Oslo Talks on Afghanistan to Fail As Usual
The Norwegian government has long been interested in mediating major disputes between hostile parties and countries. Its foreign policy is based on the fact that as a neutral country, it plays a role in resolving major conflicts, and therefore, the country has a long history of hosting and facilitating peace with individuals involved in conflicts. The Norwegian foreign policy has not had a tangible effect on the conflict in Afghanistan and can be criticized from various angles.
What draws more attention to the Oslo Initiative is that the participants and the host view the negotiation and peace as commercial talks, not finding a solution to the pain of the people being negotiated. It seems that the catastrophe of one country is an opportunity to market to another country with the aim of selling its goods, focusing on the goods themselves and selling them, not ending the catastrophe. The most famous case involving Oslo was the Palestinian-Israeli talks, which were to lead to the formation of two governments. Despite the global uproar over the issue, which at the time seemed to have the support of many countries, now, thirty years later, not a bit of pain has been alleviated and no gateway has been opened for the formation of two governments. While, Yasser Arafat with that history of struggle put all his prestige and credibility in the Oslo negotiations basket and Yitzhak Rabin gave his life for those negotiations in vain.
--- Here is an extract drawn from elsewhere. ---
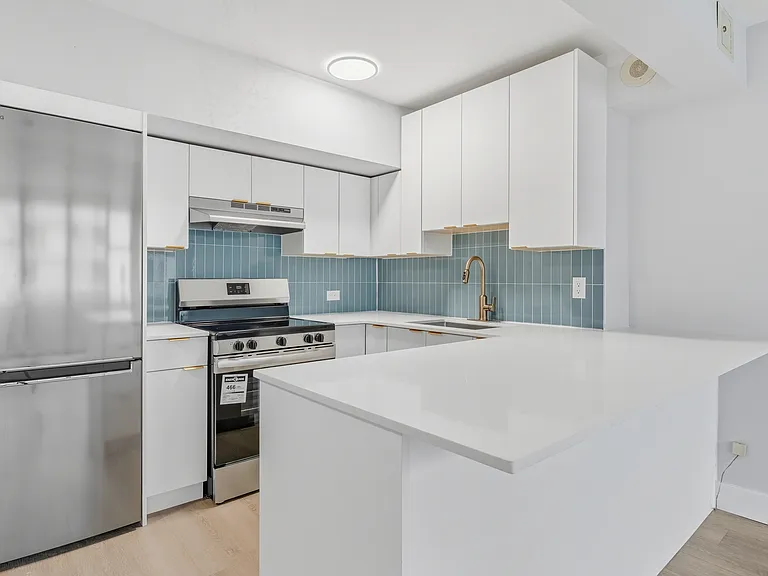 1450 Georgia St W — Photo 27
In the case of Afghanistan, the evidence shows that the Norwegian government views the Afghan negotiations as an opportunity to sell the goods for negotiations, and it does not matter what happens next, like the failed negotiations in Doha, it has no guaranteed mechanism to put an end to long sufferings of the Afghan people. If Norway or any other country is sincerely desiring to pursue peace talks, the way is to bring together the demands of the various groups and pave the way for an agreement and consensus. The demands of different groups are obvious. On one side is a one-ethnic, theocratic and totalitarian party who wants to rule through whip-and-gun, and on the other, groups that want a decentralized, pluralistic system based on civil rights and fundamental freedoms, despite differences over details.
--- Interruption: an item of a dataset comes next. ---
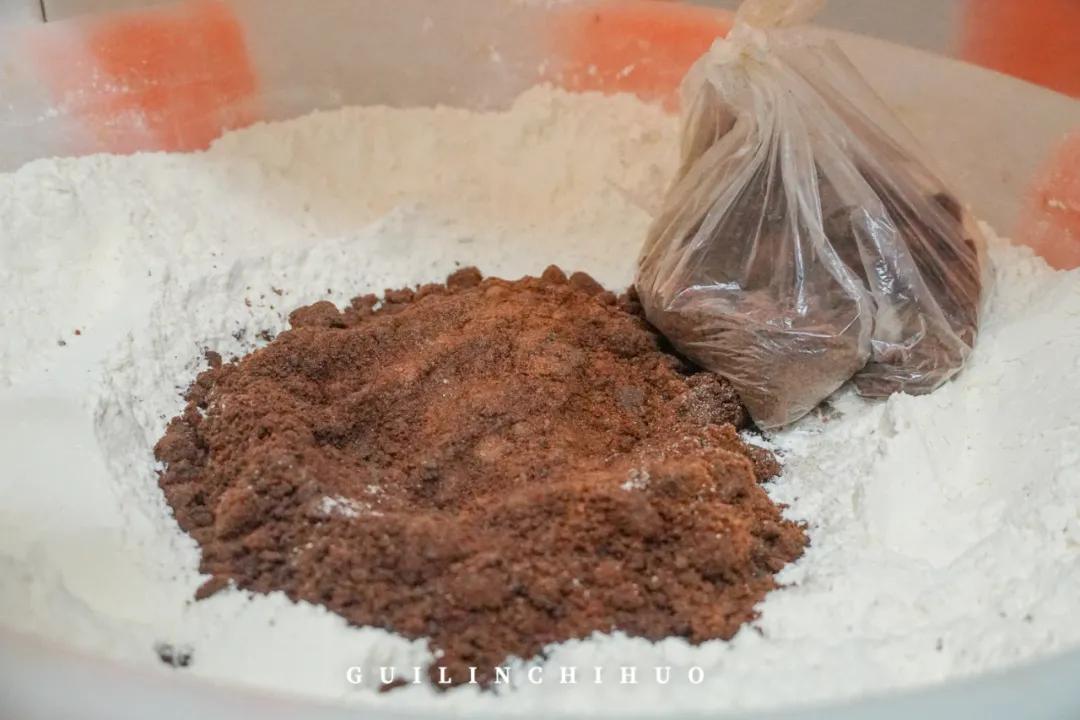 三里美食一条街,隐藏在巷子里的神秘小吃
These two demands represent two different systems of thoughts, and without finding a solution, there is no hope of an end to the catastraphe. The solution with a centralized power structure headed by a person with unlimited powers, according to the famous proverb: “It is a dream and it is an imagination and it is impossible and it is madness.” The solution is to design a model of power structure that opens the door to all ethnicities and parties and allows all citizens to play a role in determining their destiny and managing their lives.
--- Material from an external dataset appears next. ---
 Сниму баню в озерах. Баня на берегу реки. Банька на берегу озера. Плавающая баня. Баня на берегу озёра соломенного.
It is natural that a group like the Taliban, by seizing power through war and insurgency, will not easily turn to the will of the people, will not allow other forces to participate in political sphere, and will have no choice but to use force and repression to advance their plans. As the nature of power has proved throughout history, power can only be controlled by power, and the Taliban are no exception. Negotiations with the Taliban will only come to fruition when backed by strength. Those who have negotiated in Oslo have no negotiation power on the ground, and as a result their speech, based on the logic of the balance of power, has no effect and a tangible result. Such an imbalanced negotiation will result in nothing but the publication of a statement.